Poor Audit Trail 2: A Prison Is Cited for Key Control Deficiencies
A 5,200-bed state corrections facility is required to undergo annual audits conducted by the state’s Office of Inspector General. One of the audit categories reviews how keys are stored and accounted for in each unit within the facility. In one year’s inspection, the audit uncovered several problems with the facility’s key control records:
- Inaccurate Key Inventories — In several units, key inventory records didn’t match actual key stock. There were keys that were shown as on-site but were actually out for repair, a master key inventory that was off by several sets, recorded key numbers that didn’t match the number printed on the keys, and multiple key rings stored on single hooks with the additional sets not recorded in the key inventory.
- Improperly Completed Key Logs — Some units had key control logs in place, but the logs weren’t completed properly, and keys weren’t always marked as returned. For example, of the 17 times emergency keys were signed out in one unit, the keys were marked as returned only 10 of those times. In the main control unit, returned keys weren’t signed back in or placed in key boxes until an hour after shift changes.
- Missing Historical Records — One unit was required to keep on file a monthly report showing the inspection and inventory of all keys, but the key control officer didn’t have any master key inventory records older than three months. Of the past inventories that did exist, the corrections officer didn’t have copies available for review.
- Separate Data Sources — The master key inventory and total number of keys on hand were documented in separate reports.
- Unauthorized Key Use — Inmates possessed keys without written authorizations on record.
The facility’s key storage methods and manual, paper-based processes made it difficult to keep an accurate audit trail. For example, when storing multiple key rings on a single hook, it was difficult to see how many sets of keys there actually were, which led to the wrong number of key rings being recorded.
Employee training and accountability issues resulted in key control logs not being updated in a timely manner — if at all. It was also problematic that key-issue authorizations weren’t always completed and there wasn’t an effective process for storing and accessing historical records.
The deficiencies in the key control audit added to the correctional facility’s compliance burden, since it had to correct all the key control problems it was cited for, in addition to issues cited in other categories. Worse, the inaccurate records would make it easier for missing keys to go unnoticed, increasing security risks.
Best Practices for Creating and Maintaining an Audit Trail
Regardless of your industry or the types of keys you manage, there are typically two culprits for inadequate audit trails: manual processes and lack of employee accountability. To create and maintain a verifiable audit trail that’ll help you avoid unauthorized key use and liability, follow these best practices:
- Move away from manual logs and digitize the key control record by using an electronic key control system.

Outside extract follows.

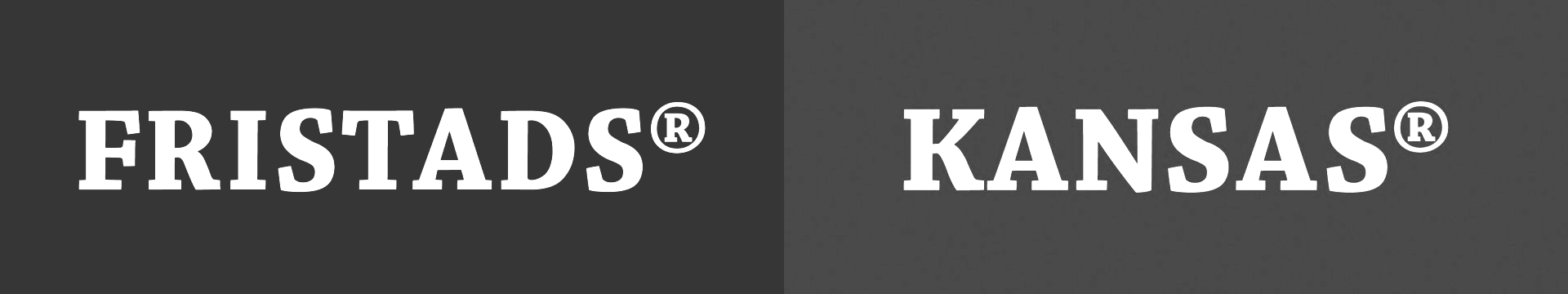 Un logo noir et blanc pour fristads kansas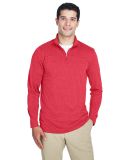 UltraClub 8618 Men's Cool & Dry Heathered Performa in Red heather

- Ensure you capture all pertinent details of a transaction, including who took the key, why they took it, when it was removed and when it was returned.
- Store keys in such a way that they can be easily found within the system and can’t be accessed without authorization.
- For sensitive keys, automatically record which manager or supervisor authorized someone to have a key (e.g., by requiring both an employee and their manager to log in to an electronic key control system in order to check out certain keys).
- Set due dates for keys and enable text or email alerts for when keys aren’t returned on time.
- Have a way to easily run reports of key activity.
- Back up data to ensure you have a copy of your key access history.